=== Section Start ===

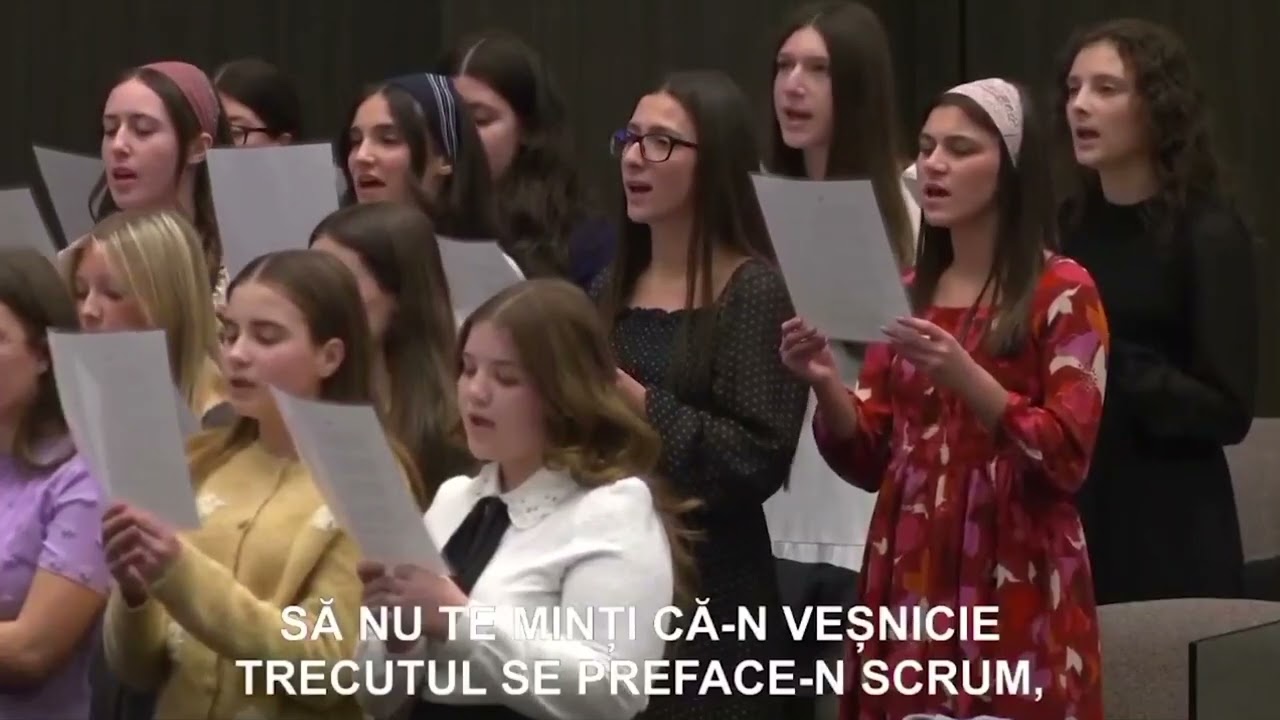 Cor Elim Chicago | Ce-i viața ta? & Fiindcă atât de mult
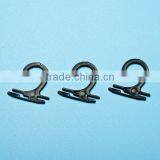 Wholesale Black Plastic Sock Packaging Hook thumbnail-2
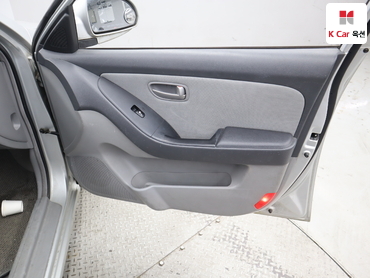 2007 - hyundai avante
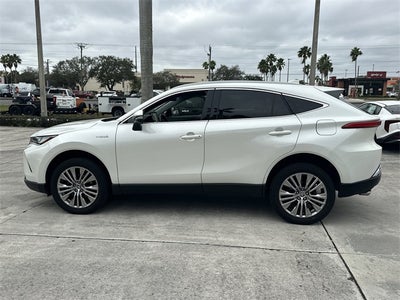 2021 Toyota Venza XLE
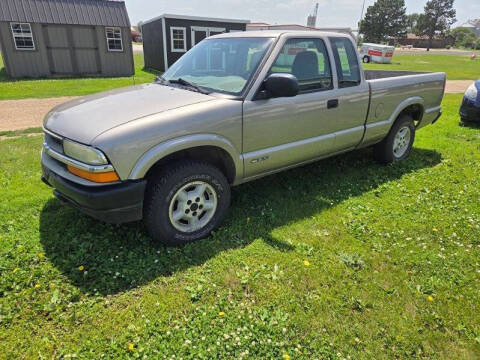 2001 Chevrolet S-10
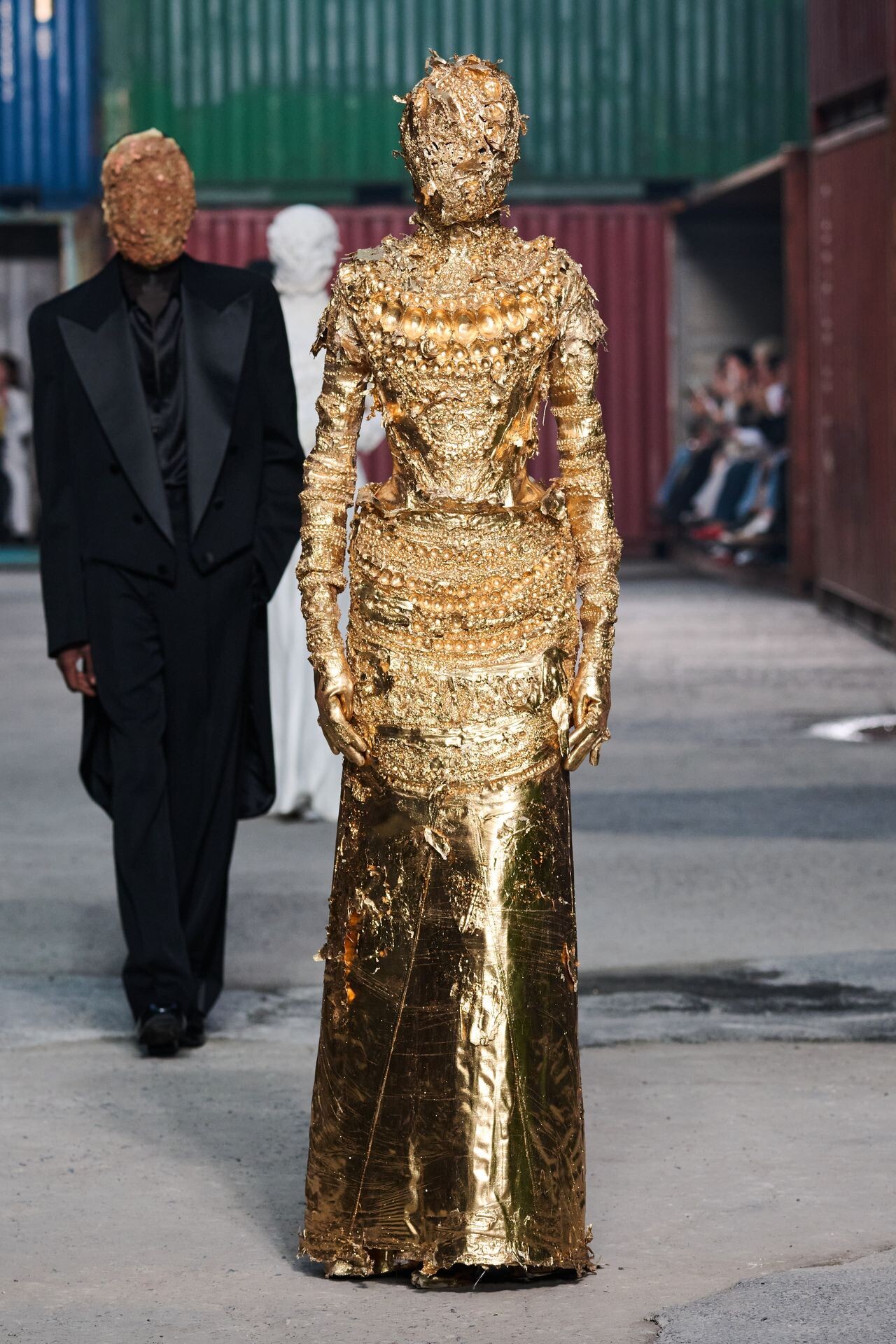 Maison Margiela Шангај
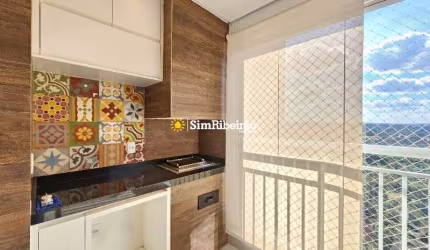 Apartamento a venda no Edifício Praças do Golf. Bairro Vila do Golf.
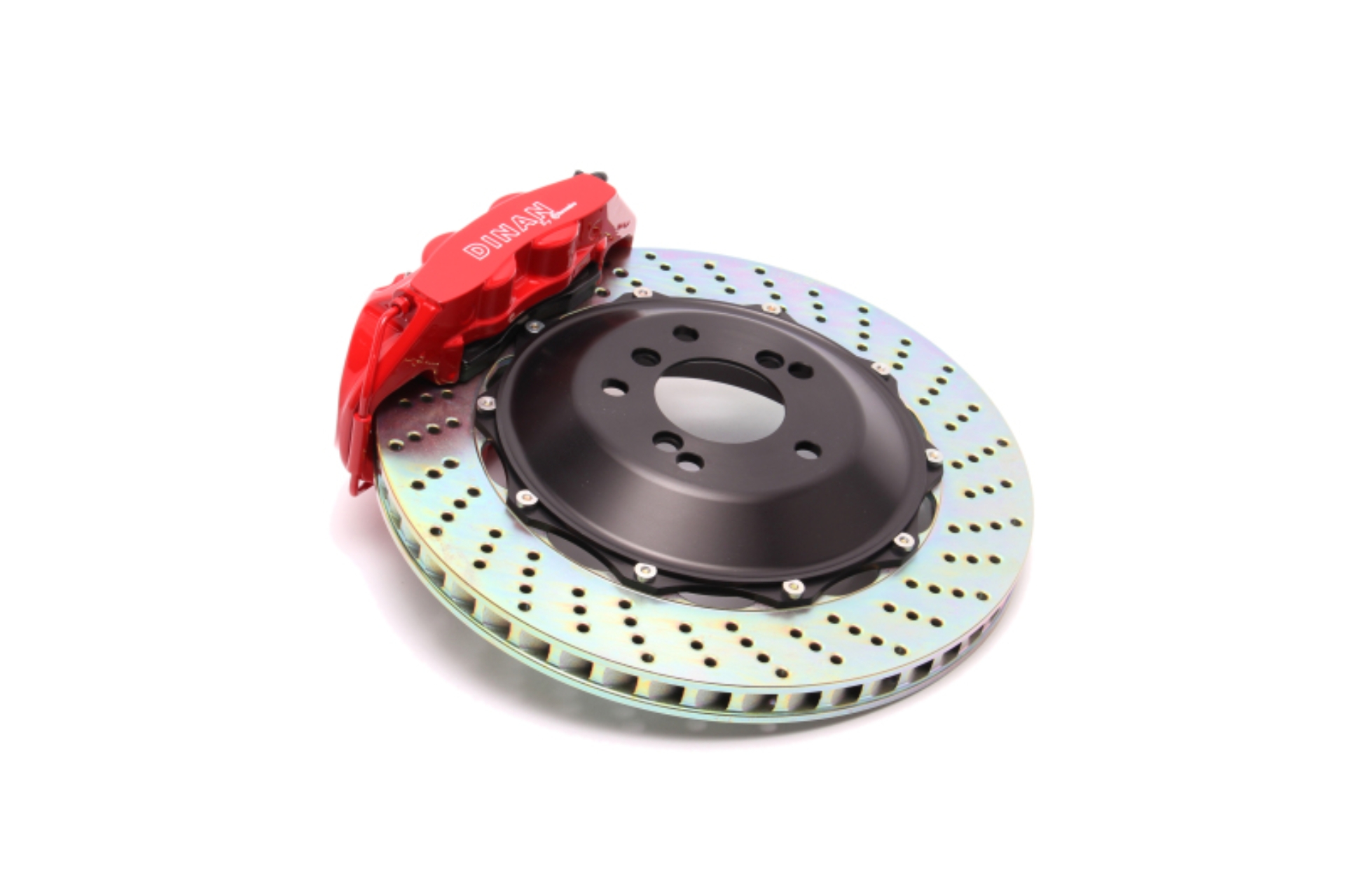 Picture of Dinan DNN Front Brake Kits Big Brake Kits - D290-0391-RD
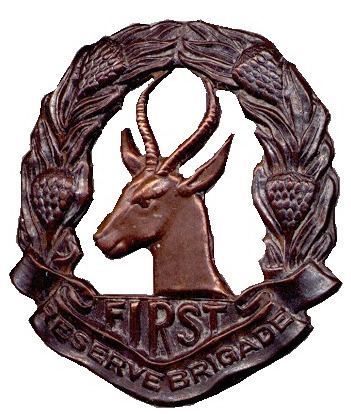 First Reserve Brigade (South Africa)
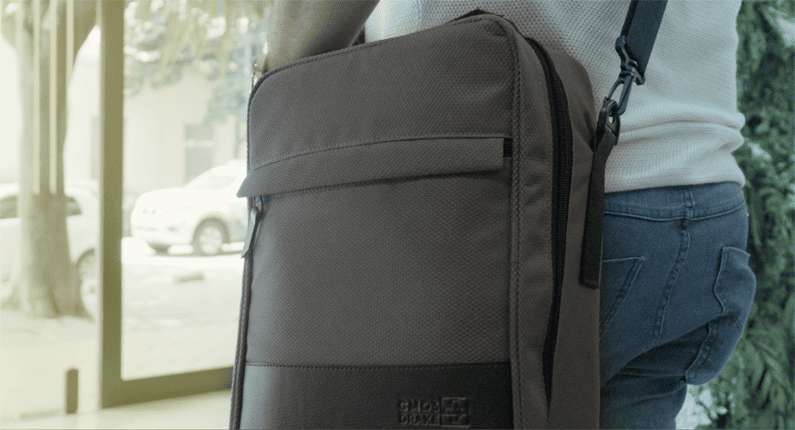 CPAP Oxygenis: Bolsa de transporte
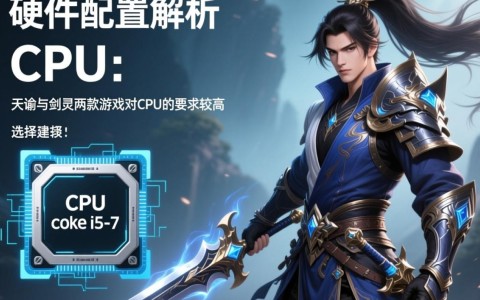 天谕与剑灵，配置差异如何影响游戏体验？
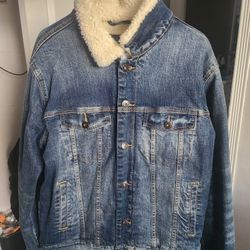 Goodiellow Denim Coat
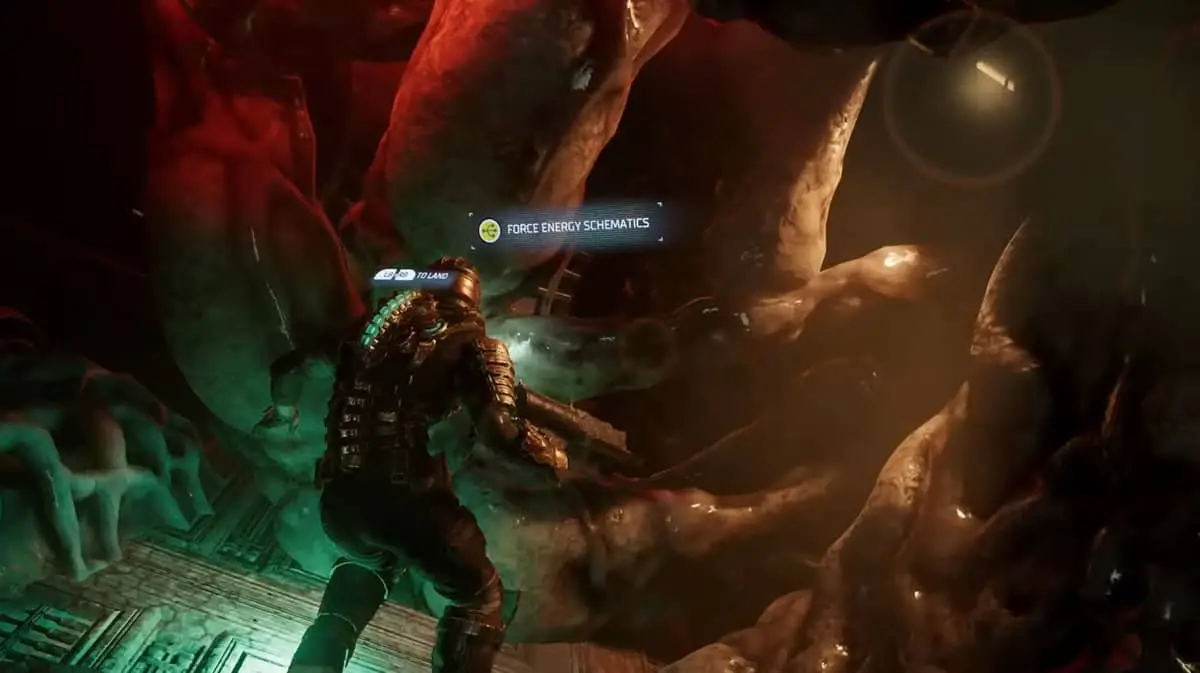 Dead Space Remake : Guide des emplacements de schémas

=== Section End ===

The answer must be a word-for-word copy of all the entries, containing no pictures.

Exercise output:
 Cor Elim Chicago | Ce-i viața ta? & Fiindcă atât de mult
 Wholesale Black Plastic Sock Packaging Hook thumbnail-2
 2007 - hyundai avante
 2021 Toyota Venza XLE
 2001 Chevrolet S-10
 Maison Margiela Шангај
 Apartamento a venda no Edifício Praças do Golf. Bairro Vila do Golf.
 Picture of Dinan DNN Front Brake Kits Big Brake Kits - D290-0391-RD
 First Reserve Brigade (South Africa)
 CPAP Oxygenis: Bolsa de transporte
 天谕与剑灵，配置差异如何影响游戏体验？
 Goodiellow Denim Coat
 Dead Space Remake : Guide des emplacements de schémas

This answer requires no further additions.